[REBOL] Re: Frequency of phrases
From: tomc:darkwing:uoregon at: 23-Aug-2002 11:50
On Thu, 22 Aug 2002, Louis A. Turk wrote:
> Hi rebols,
>
> Goal: To find the length and frequency of use of all the unique phrases in
> a text file.
>
> Phrase: A phrase will be defined as a string len characters long and with a
> space at each end. All phrases 100 characters long are to be processed
> first, then all phrases of length len - 1 and so on until len = 5.
>
> The text file: To simplify things, manually place a space at the beginning
> and at the end of the file to be processed. To further simplify things,
> place a space before all punctuation marks.
>
> Achieving this goal is proving to be quite a bit more complicated then I
> thought at first, and will be extremely time consuming if not done properly.
>
> What is the best way to do this?
ask on the list then pick your solution
> Louis
quick and dirty
rebol[]
buf: read %<whatever>
replace/all buf "^/" " "
replace/all buf "." " ."
replace/all buf "!" " !"
replace/all buf "?" " ?"
replace/all buf " " " "
insert buf " "
append buf " "
end: index? next find/reverse find/last buf " " " "
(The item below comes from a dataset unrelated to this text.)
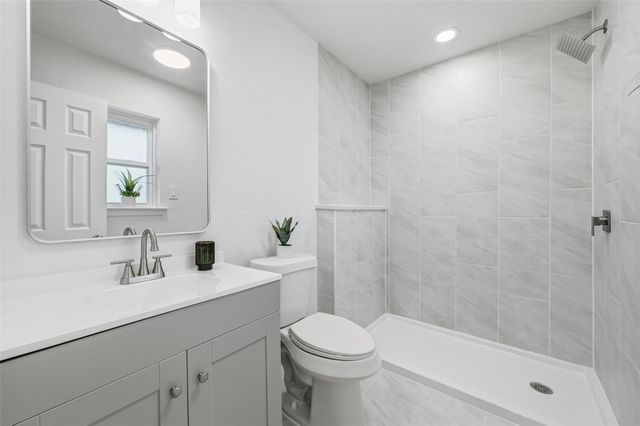 707 Pierce Road, Red Oak, TX 75154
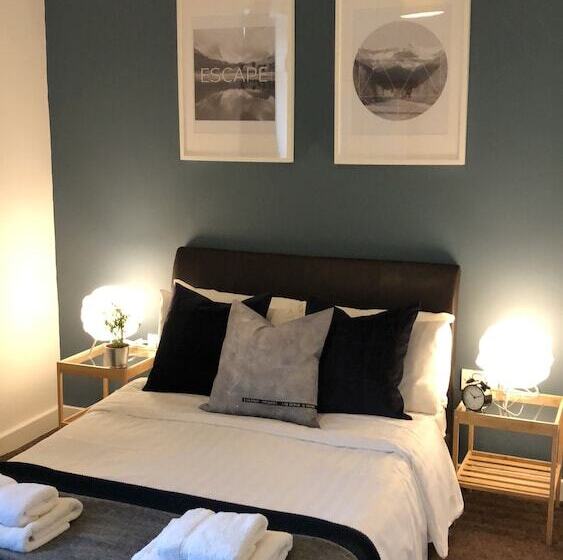 בית מלון כפרי Rufford Court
hsh: make hash! (length? buf)
cnt: 0
phr: copy ""
fub: copy ""
while [(index? buf) < end] [
fub: find next find next find buf " " " " " "
phr: trim copy/part buf either fub
[fub][fub: back tail buf]
while[all[(length? phr) < 101
(length? parse phr none) > 2
not tail? fub] ][
cnt: select hsh phr
either cnt
[change next find hsh phr (cnt + 1)]
[append hsh reduce[:phr 1]]
fub: next find fub " "
either fub
[phr: trim copy/part buf fub]
[fub: tail buf]
]
buf: next find buf " "
]
shsh: copy []
foreach [k v] hsh [append/only shsh reduce[k v] ]
sort/compare shsh func[a b][a/2 > b/2]
foreach sh shsh [print sh]
--------------------------------------------
not so sure I would want phrases to span over
sentence ending puncuation but that is what you asked for